As far as I can tell from the packet, the activeX control uses TCP. How does that help?

If it's using straight TCP/IP and not HTTP on top, then there's no "URL"-- only a host and port. You won't be able to see this traffic in a HTTP debugger, because it's not HTTP.

Thanks. I am not familiar with TCP at all, so please tell me if I understand this correctly: I should be able to connect with the video at rtsp://[camera-ip-address]:8000, where 8000 is the port of the video. [In the camera setting it allows me to change the video port, and defaults to 8000]. I have tried that address and was unable to connect - Can I safely assume that the error is elsewhere? BTW, my understanding of Wireshark is that it catches all traffic, not just http. Is there any way to verify that the address:port will serve video?

How did I "try" the address? I tried opening rtsp://[ip-address]:8000 with VideoLan and RealPlayer - either of wich should be able to decode the RTSP stream. >Did I create a TCP/IP socket? No, I am new to TCP, don't know how. >Was the connection refused? "No stream was found." > If not, what did you do next? Tried to catch all the data through Wireshark, to see if there was some page I should target. As in the Axis. > What technology/language am I using? I don't know! Looking at the packet, I would say TCP. However, the stream should be RTSP, as it is encoded to h.264 which is part of MPEG4.

You'll want to look at the RTSP protocol format and see where, if anywhere, the "URL" actually is sent, although it's not clear to me that it is. en.wikipedia.org/wiki/RTSP If WireShark doesn't have an RTSP analyzer, it's possible that Netmon might. www.fiddler2.com/redir/?id=netmon

Thanks. This looks to be rather over my head. Will check out Microsoft Network Monitor. I finally got through to the company this morning, and they begrudgingly gave me the link: [ip-address]:port/stream.3gpp. (No idea where that is in the packet, so go figure.) On another note: For the downvoter, whoever it may be, can I request a review?
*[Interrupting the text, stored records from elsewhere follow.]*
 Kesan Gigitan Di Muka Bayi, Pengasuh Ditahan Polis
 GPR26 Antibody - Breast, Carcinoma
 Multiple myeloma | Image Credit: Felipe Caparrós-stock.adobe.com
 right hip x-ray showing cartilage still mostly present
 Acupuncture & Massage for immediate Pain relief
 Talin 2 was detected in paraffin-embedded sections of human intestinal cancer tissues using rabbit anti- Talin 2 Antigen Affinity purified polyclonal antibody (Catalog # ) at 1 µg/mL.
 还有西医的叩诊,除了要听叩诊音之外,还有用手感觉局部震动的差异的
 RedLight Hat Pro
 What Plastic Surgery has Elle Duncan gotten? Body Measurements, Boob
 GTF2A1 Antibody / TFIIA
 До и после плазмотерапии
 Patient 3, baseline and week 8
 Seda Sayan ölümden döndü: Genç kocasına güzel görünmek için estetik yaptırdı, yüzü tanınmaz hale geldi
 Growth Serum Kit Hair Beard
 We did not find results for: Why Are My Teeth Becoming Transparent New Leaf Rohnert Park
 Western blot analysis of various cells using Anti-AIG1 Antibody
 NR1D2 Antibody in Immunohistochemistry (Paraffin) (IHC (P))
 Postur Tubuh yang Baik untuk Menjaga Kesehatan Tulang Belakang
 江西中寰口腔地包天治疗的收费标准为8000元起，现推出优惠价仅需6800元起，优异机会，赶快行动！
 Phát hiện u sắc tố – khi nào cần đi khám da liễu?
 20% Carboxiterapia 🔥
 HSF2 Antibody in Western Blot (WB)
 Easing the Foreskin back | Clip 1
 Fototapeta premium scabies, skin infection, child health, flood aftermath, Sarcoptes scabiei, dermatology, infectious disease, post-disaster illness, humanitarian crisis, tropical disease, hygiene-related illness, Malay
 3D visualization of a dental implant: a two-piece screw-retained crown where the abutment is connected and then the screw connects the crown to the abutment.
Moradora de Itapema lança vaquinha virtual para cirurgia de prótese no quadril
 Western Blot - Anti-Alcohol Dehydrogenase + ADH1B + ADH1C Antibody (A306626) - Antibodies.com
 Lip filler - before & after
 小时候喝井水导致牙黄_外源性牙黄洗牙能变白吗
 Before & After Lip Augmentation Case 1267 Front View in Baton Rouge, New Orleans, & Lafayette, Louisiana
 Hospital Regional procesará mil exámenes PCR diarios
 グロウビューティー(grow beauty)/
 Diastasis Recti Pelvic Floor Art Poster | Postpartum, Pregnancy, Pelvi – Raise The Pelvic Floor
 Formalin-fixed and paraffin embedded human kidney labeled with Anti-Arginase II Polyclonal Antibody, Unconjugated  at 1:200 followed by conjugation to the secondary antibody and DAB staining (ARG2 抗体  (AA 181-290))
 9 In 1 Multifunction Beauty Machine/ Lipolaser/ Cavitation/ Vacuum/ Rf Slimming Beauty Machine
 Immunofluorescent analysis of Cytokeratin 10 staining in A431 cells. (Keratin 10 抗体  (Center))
Any problems with incomplete questions have been addressed to the best of my ability.

Thank you very much. The company finally gave me the URL ([ip-address]:port/stream.3gpp), but it worked so poorly I just bought an Axis device instead. I have since deleted those packet files, but very much appreciate the advice and help. Thanks!